THE TASK ::
Print every line below exactly. Skip the pictures.

EXERCISE INPUTS ::
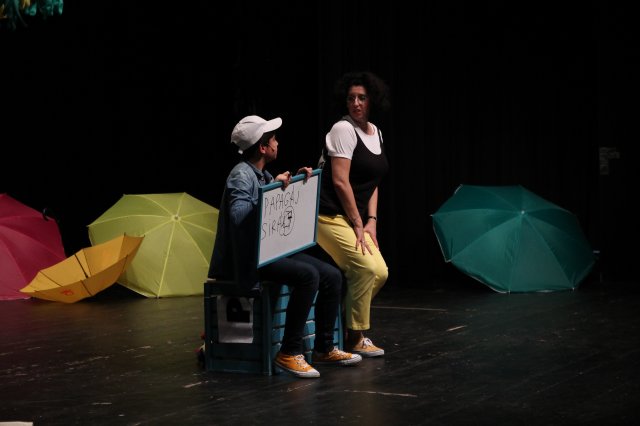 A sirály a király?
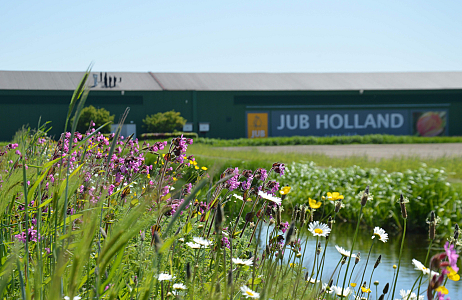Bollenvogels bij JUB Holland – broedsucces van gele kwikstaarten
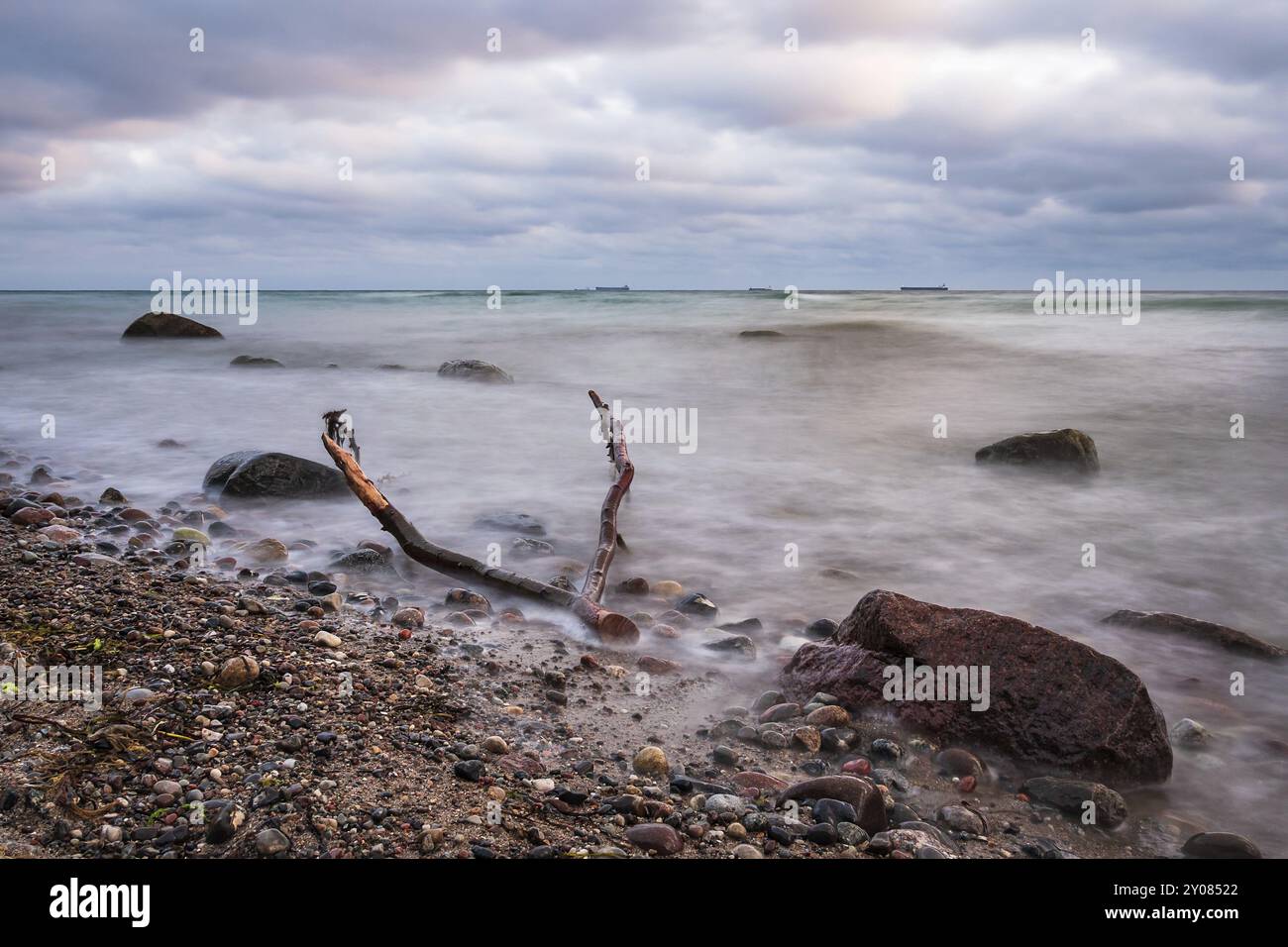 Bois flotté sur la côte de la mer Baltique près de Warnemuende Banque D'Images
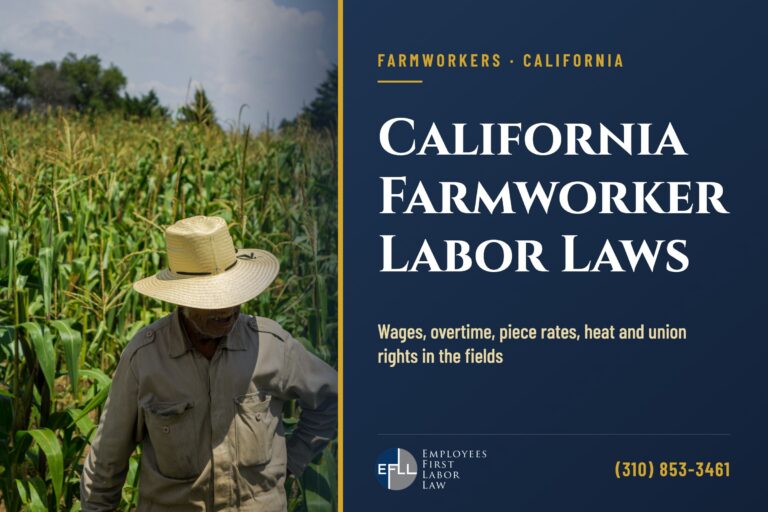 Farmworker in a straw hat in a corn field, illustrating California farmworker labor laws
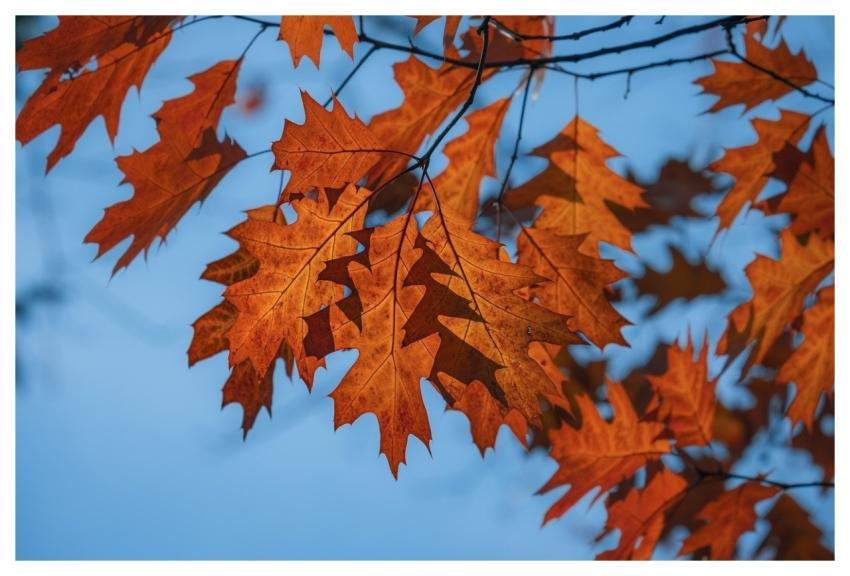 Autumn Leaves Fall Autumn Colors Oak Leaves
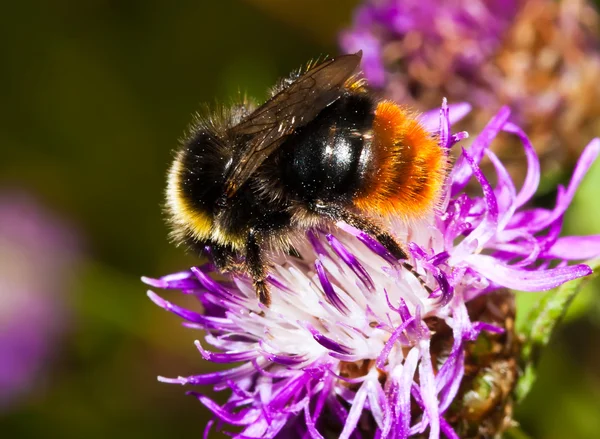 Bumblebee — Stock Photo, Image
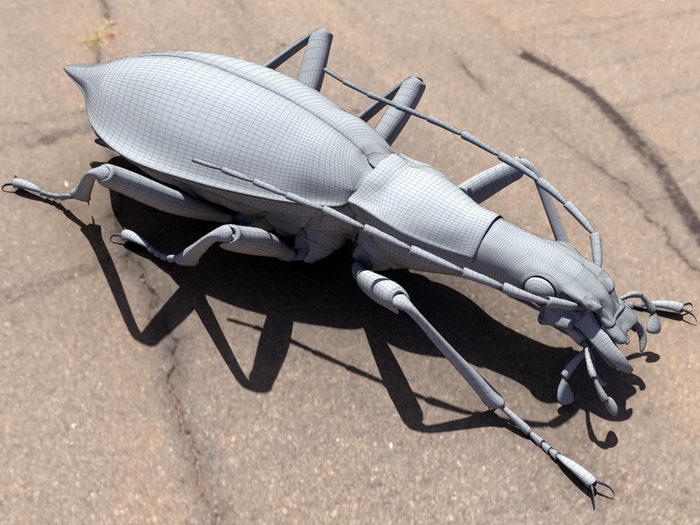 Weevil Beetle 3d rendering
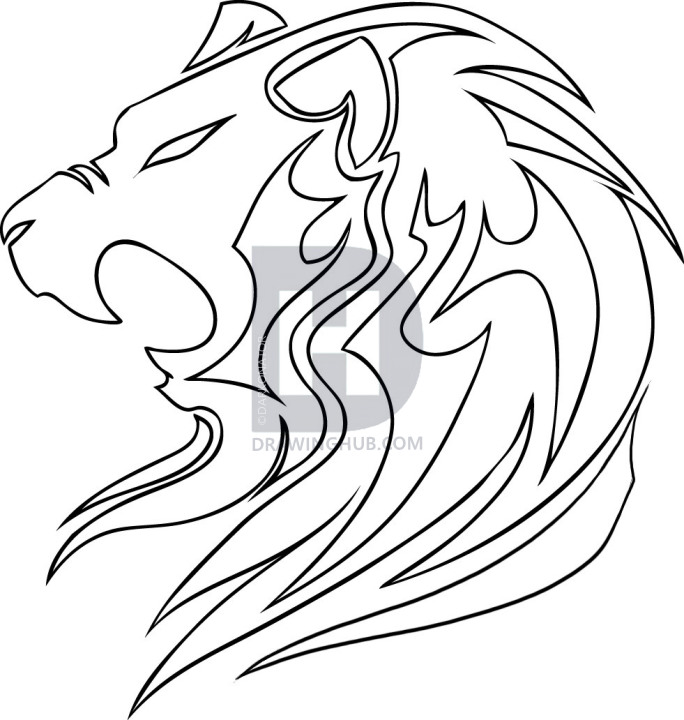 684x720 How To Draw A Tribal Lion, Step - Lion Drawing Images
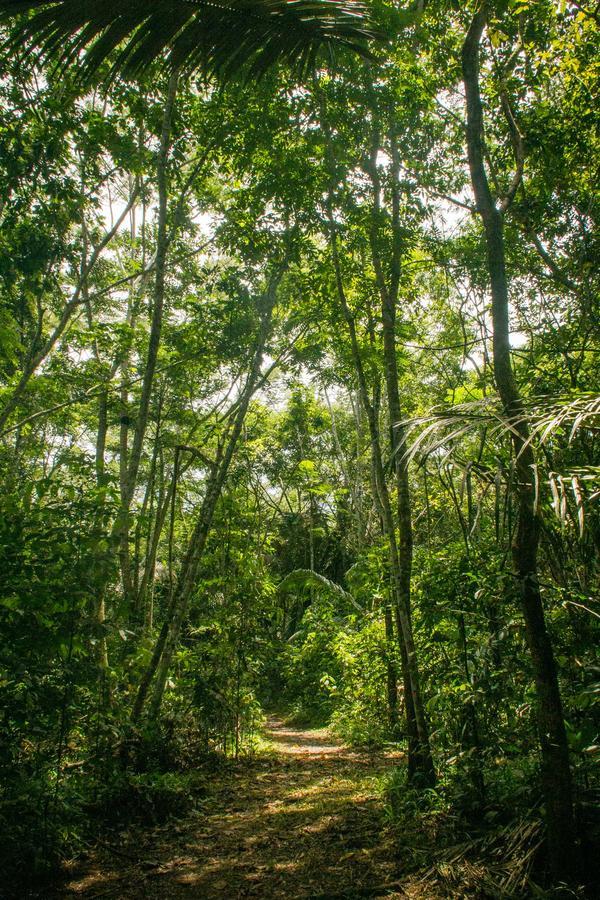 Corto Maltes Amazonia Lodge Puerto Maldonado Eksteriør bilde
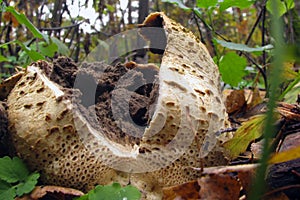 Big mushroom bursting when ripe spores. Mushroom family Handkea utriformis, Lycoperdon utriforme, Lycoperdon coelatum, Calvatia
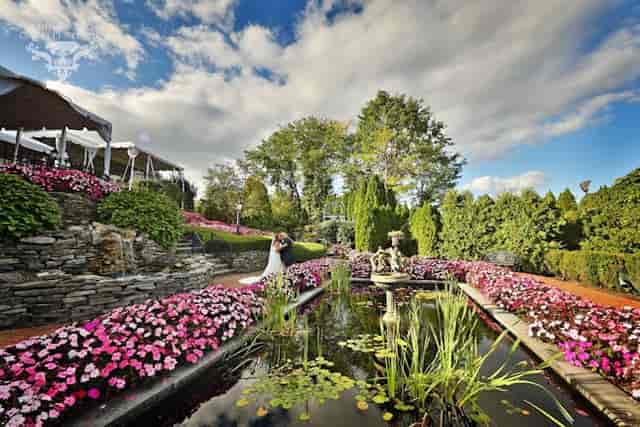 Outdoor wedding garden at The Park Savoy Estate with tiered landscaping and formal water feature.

RESULT FOR THIS EXERCISE ::
 A sirály a király?
Bollenvogels bij JUB Holland – broedsucces van gele kwikstaarten
 Bois flotté sur la côte de la mer Baltique près de Warnemuende Banque D'Images
 Farmworker in a straw hat in a corn field, illustrating California farmworker labor laws
 Autumn Leaves Fall Autumn Colors Oak Leaves
 Bumblebee — Stock Photo, Image
 Weevil Beetle 3d rendering
 684x720 How To Draw A Tribal Lion, Step - Lion Drawing Images
 Corto Maltes Amazonia Lodge Puerto Maldonado Eksteriør bilde
 Big mushroom bursting when ripe spores. Mushroom family Handkea utriformis, Lycoperdon utriforme, Lycoperdon coelatum, Calvatia
 Outdoor wedding garden at The Park Savoy Estate with tiered landscaping and formal water feature.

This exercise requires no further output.